Not quite done, but time has been scarce lately:
Proposition: In a finite group with non-cyclic abelianization, the subgroups generated by each conjugacy class are proper.
Proof: Suppose $G$ is a finite group whose abelianization $G/[G,G]$ is not cyclic. Let $x \in G$. Then $G/[G,G] \neq \langle x \rangle [G,G]/[G,G]$, so there is some maximal subgroup $M/[G,G]$ such that $\langle x \rangle [G,G]/[G,G] \leq M/[G,G]$. Since $G/[G,G]$ is abelian, $M/[G,G]$ is normal, and so $M \lhd G$ is normal, and so contains the subgroup generated by all conjugates of $x$. $\square$
Proposition: If $G/[G,G]$ is cyclic and $G$ is finite (or has a composition series), then there is a conjugacy class that generates $G$ as a subgroup.
Proof: This is a special case of theorem 4.7 of Berrick–Robinson (1993). $G$ itself has finite composition length, so Robinson's result says that $G$ is the subgroup generated by a single conjugacy class if and only if $G/[G,G]$ is. However, $G/[G,G]$ is generated by a single element (=conjugacy class for abelian groups) if and only if it is cyclic. $\square$
Proof: (Of conjecture, my attempt) Suppose $G/[G,G]$ is cyclic, generated by $x[G,G]$, and set $N$ to be the subgroup generated by the conjugates of $x$. Let $g \in G$. Then $x^g = x[x,g]$ so $[x,g] \in N$. Hence $x \in Z(G/N)$. ...
Counterexample: If $G/[G,G] = \langle x \rangle [G,G]/[G,G]$, then $G$ need not be the subgroup generated by the conjugacy class of $x$.
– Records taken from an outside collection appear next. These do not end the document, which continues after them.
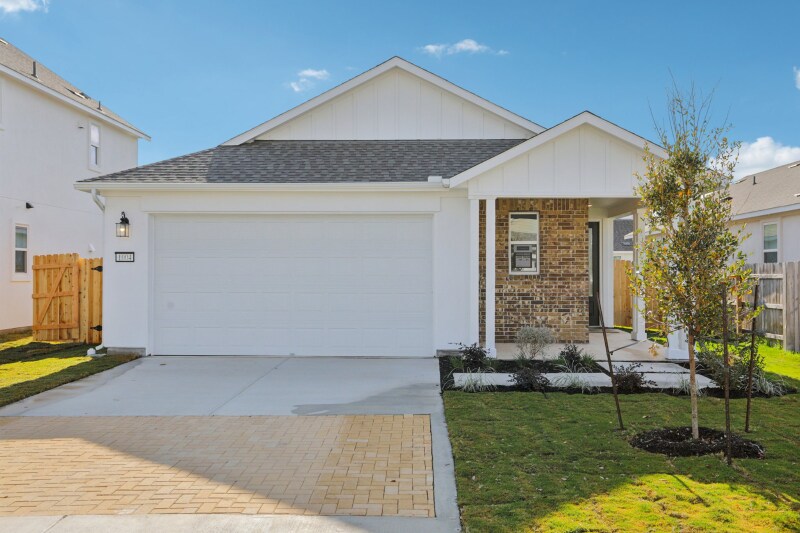 1004 Yaupon Holly Dr in Georgetown, TX - Building Photo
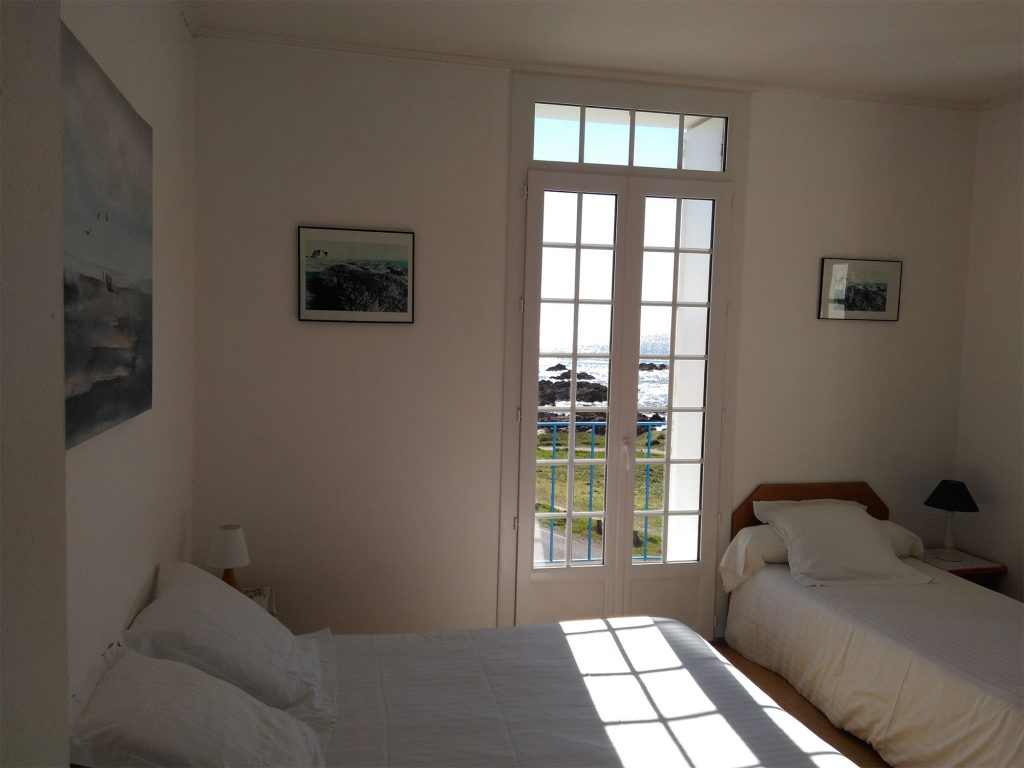 Chambre du gîte Villa Waro'h - Chauffage central dans toute la villa avec des thermostats sur chaque radiateur.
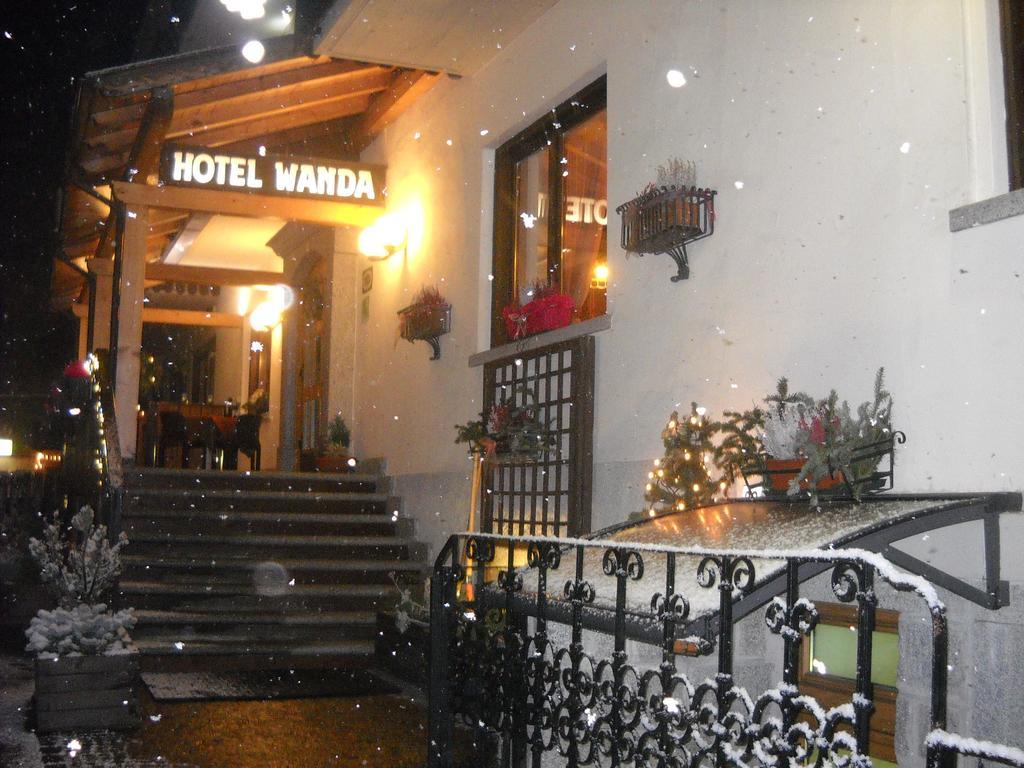 Hotel Wanda Pinzolo Eksteriør bilde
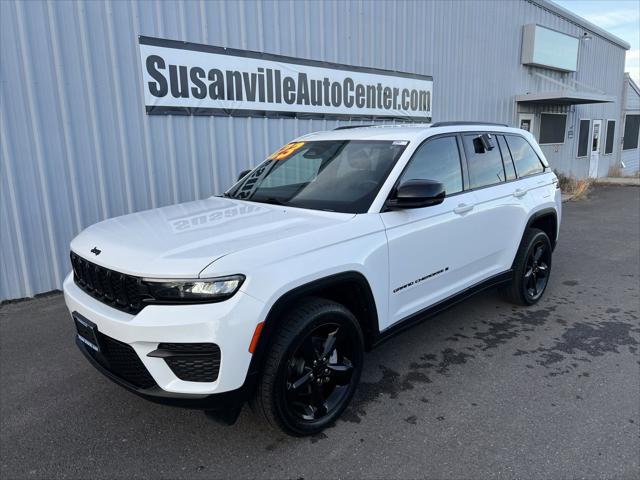 2023 Jeep Grand Cherokee Altitude 4x4
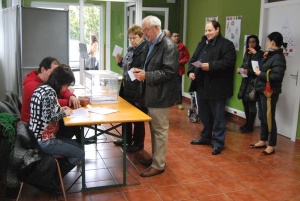Berrio haciendo fila para votar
Proof: Take $G = \langle x \rangle \times Y$ with $Y$ non-identity perfect. Then the conjugacy class of $x$ is just $x$ itself, a proper subgroup. $\square$
Fix: the only problem is when $x$ is contained in a maximal normal subgroup not containing $[G,G]$, but in that case the quotient is non-abelian simple, and so a joe random element $y$ of that quotient should be such that $G$ is the subgroup generated by the conjugacy class of $xy$.